Disney World and dappled sunshine beaches are what people tend to think of when someone mentions Florida. Sure enough, whenever I tell anyone in England that I’m from Florida these are the most common responses that are cooed back to me. That’s fair enough and I couldn’t possibly deny that I did indeed go to Disney World with a neurotic frequency in elementary school. I certainly never had a snow day. When I say I’m from Jacksonville, I usually get a courteous nod or a ‘hmm’ acknowledging that they’ve vaguely heard of the city in passing, but there’s a palpable disappointment that I didn’t say Miami or Tampa or Orlando. I can only imagine their heads were reeling with anecdotes of their own travels or tales of a second cousin who moved to a south Florida suburb.
Jacksonville has enough going for it for any mid-sized eastern city. I was dying to get out in high school and apart from one six month break between university transfers, I have never gone back long enough to get a good look at what I left behind in 2016. This year for Christmas, I went home for an entire month. I don’t even go home for that long during the summer as I usually have to move, work, or go off to an archaeological excavation. This winter I was gifted with a few weeks between semesters without serious deadlines, work commitments, or any urgent matters vying for my attention back in England. There would not be a better time to take a break in the sun and god knows I wasn’t seeing much of it in Northern England.

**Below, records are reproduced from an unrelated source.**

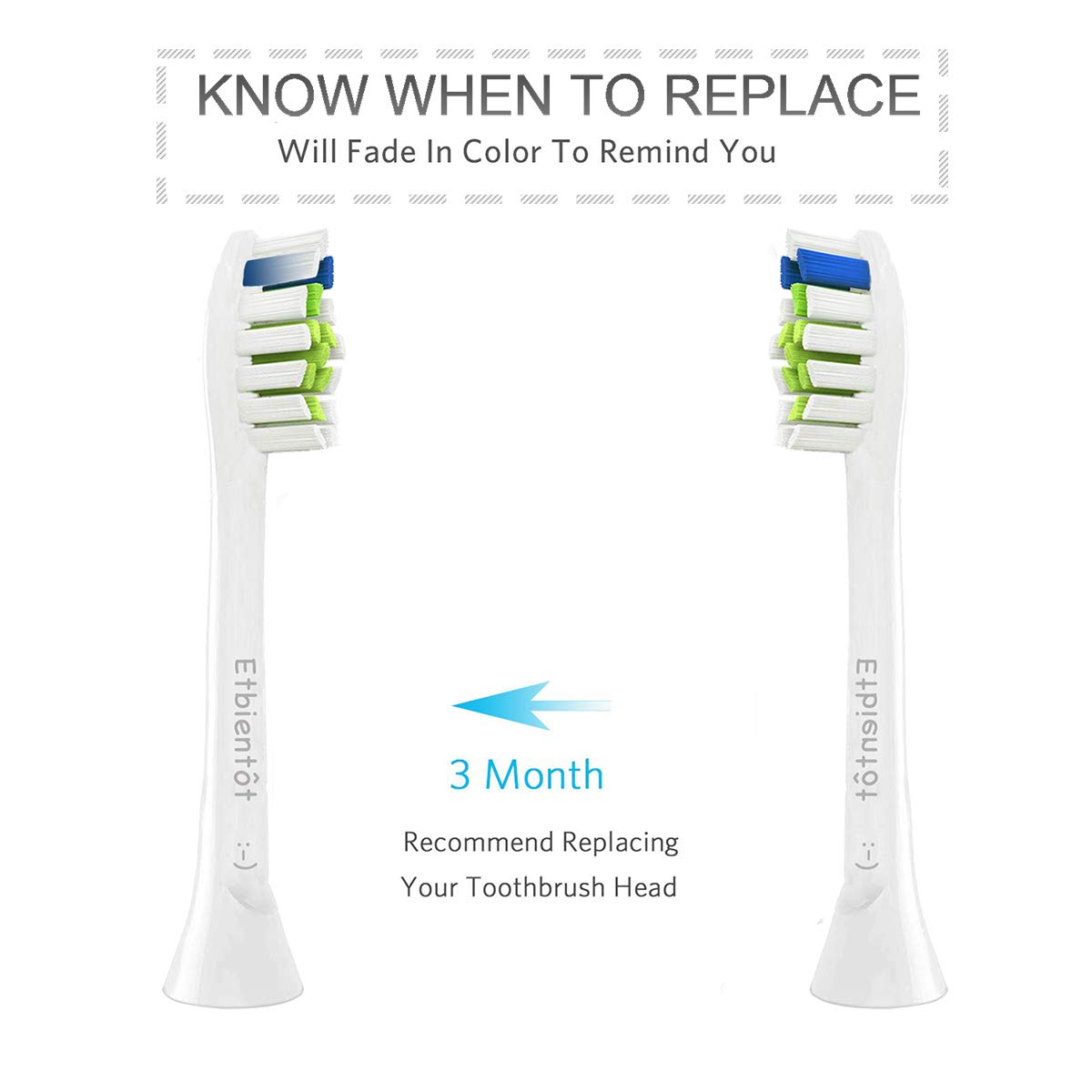 DiamondClean Replacement Brush Heads, Compatible with Philips Sonicare Electric Toothbrush HX6063/64,HX9350/40 Fit for Sonicare Plaque Control, Gum Health, FlexCare, EasyClean and HealthyWhite 4 Count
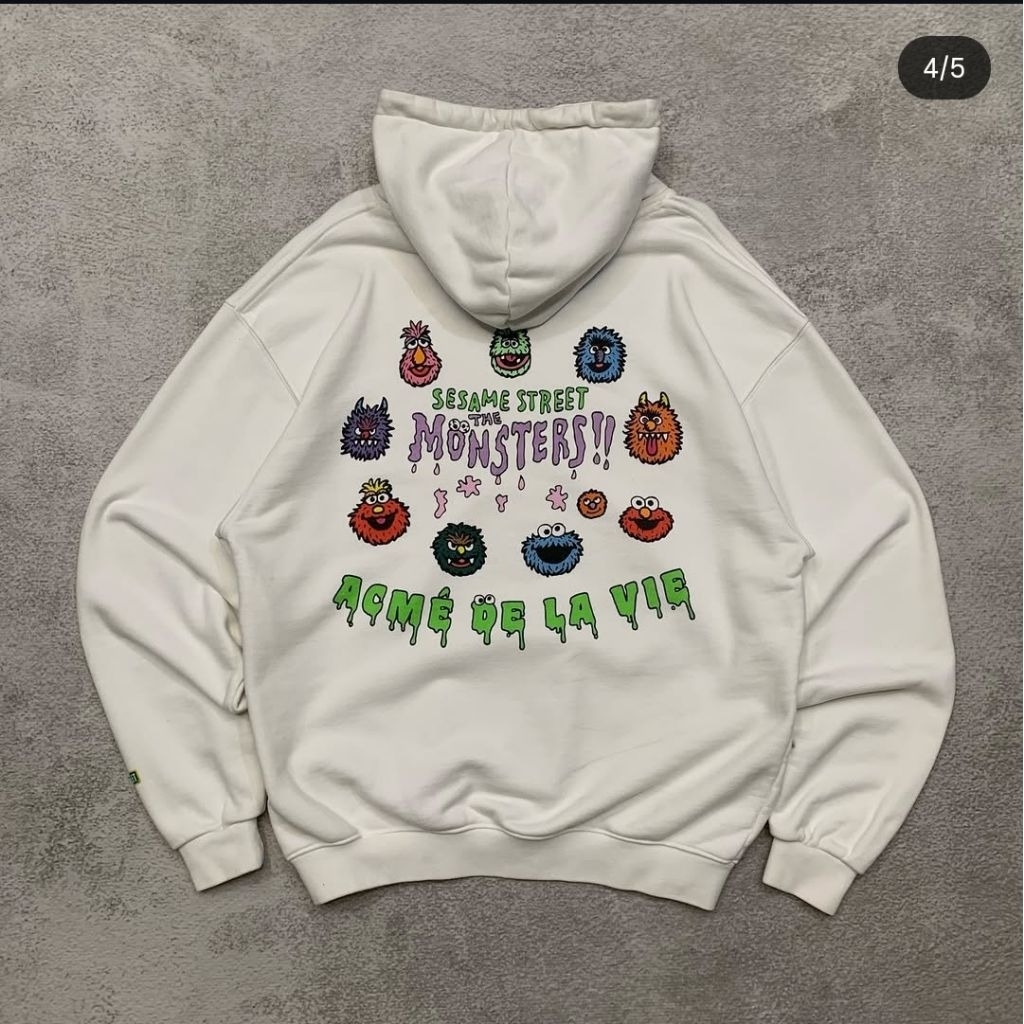 Hoodie ADLV x Sesame Street - White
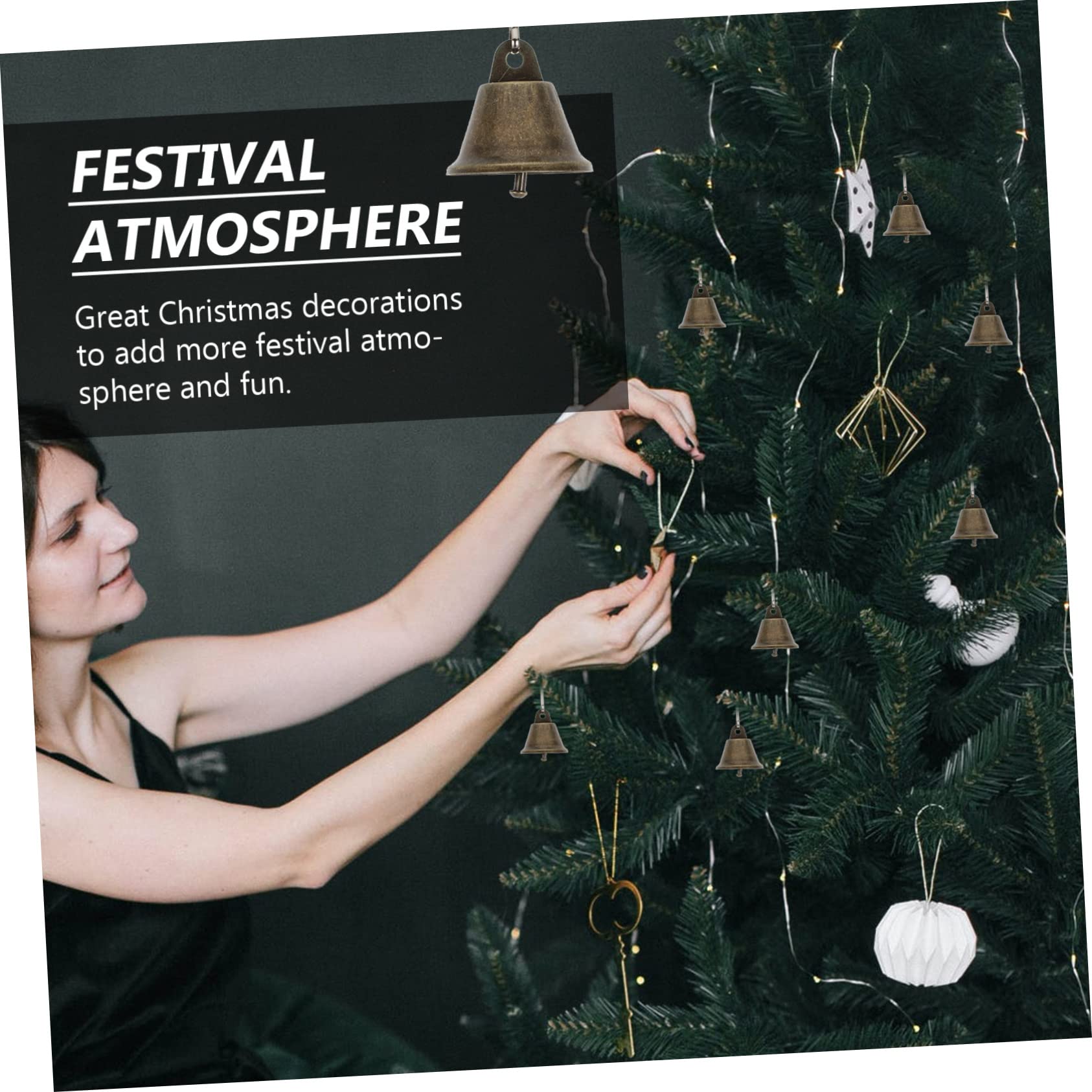 Levemolo 75pezzi Campane Decorative Di Natale Ciondoli Sospesi Per Decorazioni Festive Piccole Campane Per Addobbi Natalizi e Artigianato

Culture shock is a funny thing. I almost always feel sick on the trip back to the states or in the following days. Three flights (the long-haul racked up a gruesome flight time of nine and a half hours) with a head cold proved as awful as I’d anticipated. To boot, the flights in the two weeks before Christmas are always packed with people like veritable sardines.
However much of an unpleasant experience the travel itself is, settling back into American life is like slipping off to sleep after you’ve woken up from a dream in the middle of the night. You are allowed to temporarily forget that you ever left. It’s a strange half-fantasy that you walk through with a bit of a foggy head for the first few days. I vividly remember my first Christmas back at home when I woke up in my childhood bed the morning after I flew in and for a brief second I thought that I had dreamed up the entire thing.
Florida is steeped in mysteries and southern nuances that I had always taken for granted. Being away in a foreign country for a few years has given me an entirely new perspective. While the house and city feel familiar, as I’m certain they always will, there’s a mysterious new element (perhaps a lesser known cousin of deja-vu) that snuck into the mix whilst I was away. I can barely put into words how spooky some days feel – waking up and blinking back sleep, still wholly unaware which continent you are on that day. What a categorically odd experience to not know where you are in the world and yet still be completely at home with it. Weird, I know.
With my new Super Traveler Perspective (as I’ve decided to call it), Florida took on a new persona in my eyes. The lines of palm trees along the pink and purple dusk skyline became iconic and magical. Southern oaks doused in Spanish Moss were all but haunting. Alligators and manatees and possums seemed both old friends and strangers waiting in the shadows.
Something I noticed I did while first trying to settle myself into a life in the United Kingdom was seeking out and reading local non-fiction. I devoured books on the National Trust, otters, badgers, shepherds in the Lake District, English history, etc, etc. When I returned back to the states, I found myself craving the same literature about Florida. I found it in Marjorie Kinnan Rawlings’ Cross Creek. It’s a gorgeous ode to rural Florida in the 1940s that gives both the natural environment as well as the people and food their due reverences. While I was in Florida we got to visit her house which has now been preserved by the University of Florida and Florida State Parks, but that is another topic for another day as I couldn’t possibly give it the attention it deserves here.
I cannot say enough positive things about reading non-fiction nature or travel writing about the places you live or visit. It seems to give me a more three-dimensional perception of my surroundings and a deeper affection for these glowing places.
The trickiest thing about falling back into old patterns and routines is the inevitable process of drawing yourself out of them all over again. It is never an easy first week back in England after leaving. Jet-lag traveling east is crueler than its counterpart and it’s unsettling how easy it would be to just stay put.
Somewhere in the midst of the clouds of frustration, you can just make out a handful of silver linings, one of which is my possession of two homes. I have in my life not one, but two beautiful and cozy homes that I can walk into and exhale my worries or stress. What a wonderful and rare gift that is. There is, of course, also the argument that had I never left Florida in the first place, my appreciation for it now would be completely different.
The bewitching thing about my transatlantic life is I can live in England and love it dearly, but wear my deep affection for Florida like a light, floral orange blossom perfume.
Nevertheless, it’s a fine line between grateful and homesick. The tightrope walk straddling the two is unavoidable when you love people and places separated by an entire ocean. I have never been a particularly graceful person, but with stakes this high, I’ll just have to learn.